Unilateral Issuance of Shares Rejected
A recent decision from the Delaware Court of Chancery involved the question of whether shares constituting, on a fully diluted basis, a 25% ownership in the corporation had been validly issued. In this instance, the board was comprised of one person, and he approved the issuance of the shares to himself. Even without the fundamentally flawed appraisal utilized, the court was able to strike the transaction on the basis that the one individual did not constitute a legitimate Board of Directors. Applied Energetic, Inc. v. Farley, C.A. No. 2018-0489-TMR, 2019 WL 334426 (Del. Ch. Jan. 23, 2019, rev’d Jan. 24, 2019).

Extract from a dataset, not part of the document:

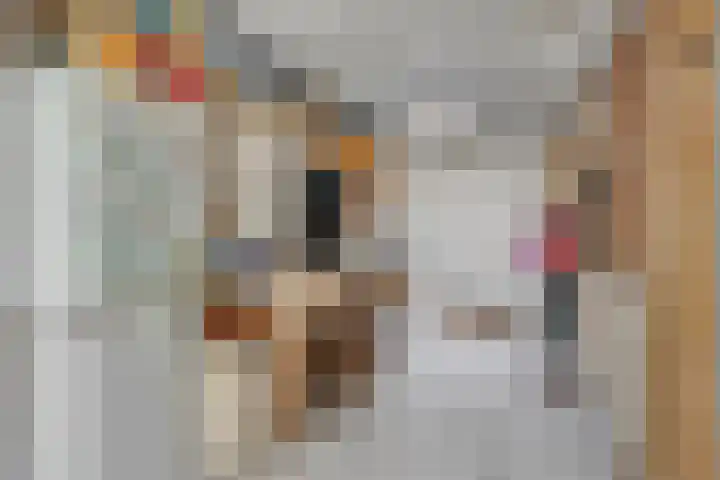 Nieuwe Hofstraat 32 Oss thumbnail 18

Applied Energetics was a publicly traded company that was essentially dormant after the demand for its technology ceased. At the time of going dormant, the company had a board of three members. Two of those directors, Lister and Levy, would resign from the board before the events here at issue, leaving Farley as the sole director. As the sole director, Farley executed a written consent pursuant to which the corporation would issue to him 25 million shares at the price of $0.001 per share. While Farley retained Rahne to value the shares, Farley proceeded with the transaction before the valuation was delivered. Farley and Rahne went back and forth as to the appraised value, Farley finely advising Rahne “I need the value to be $0.001 or lower.” As recounted by the court, “Within three hours” Rahen sent a valuation report at the requested $0.001 price.
Responding here to a motion for a preliminary injunction following a complaint alleging a variety of claims against Farley, including breach of the duty of loyalty, that relief was granted. The court had little problem finding that the plaintiff would likely prevail on the merits with respect to the challenge of the share issuance if only for the reason that the majority of a three person board did not approve the issuance.

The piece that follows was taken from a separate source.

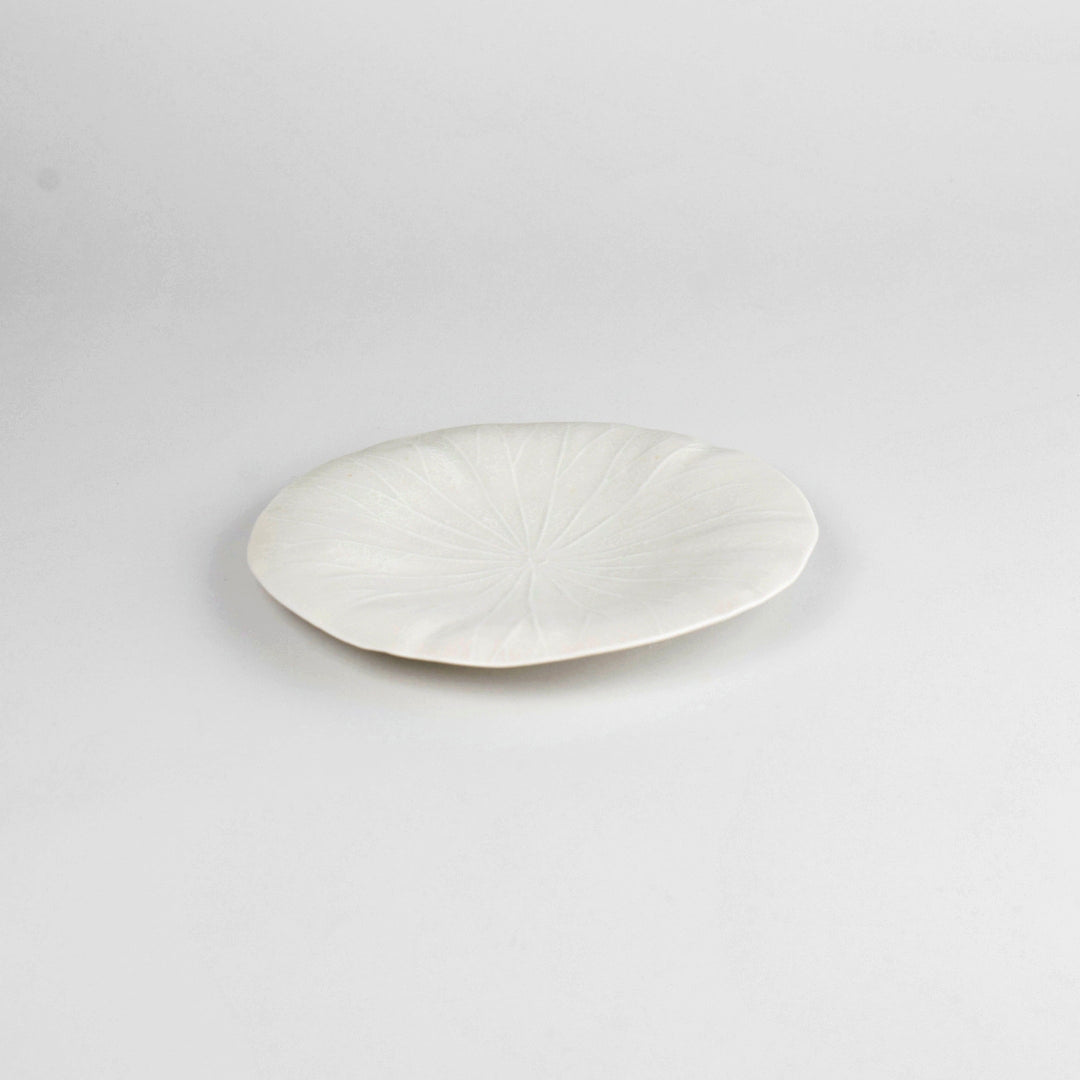 Asami Maeda Lotus Leaf Medium Plate White, 18.2×2.3cm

The Company argues that Farley caused the Company to invalidly issue twenty-five million shares to himself because Farley acted without proper board authorization. “The Delaware General Corporation Law requires that the board of directors of a company approve any issuance of stock by the corporation.” Applied Energetics’ bylaws require “a majority of the total number of directors” to be present to constitute a quorum for the transaction of business at a board meeting. The board members may also take action without a meeting if all members of the board sign a written consent. In 2012, the Company’s board reduced the number of directors from five to three. The size of the board remained three members through February and March 2016. The parties have not identified any board resolution or other action that reduces the size of the board to less than three members; nor do the parties identify anything that purports to reduce the threshold for a quorum to less than a majority of the directors.
It is reasonably probable that Farley could not cause the board to validly issue stock acting as the only board member of the Company’s three-member board. Stated differently, it is reasonably probable that any board action to validly issue stock, whether at a board meeting or through written consent, required the affirmative vote of at least two members of the Company’s board. Only Farley signed the written consents dated February 15, 2016, and March 25, 2016, authorizing the issuance of twenty million and five million shares, respectively. It is reasonably probable, therefore, that the twenty-five million share issuance is invalid. 2019 WL 334426, *6 (footnote omitted).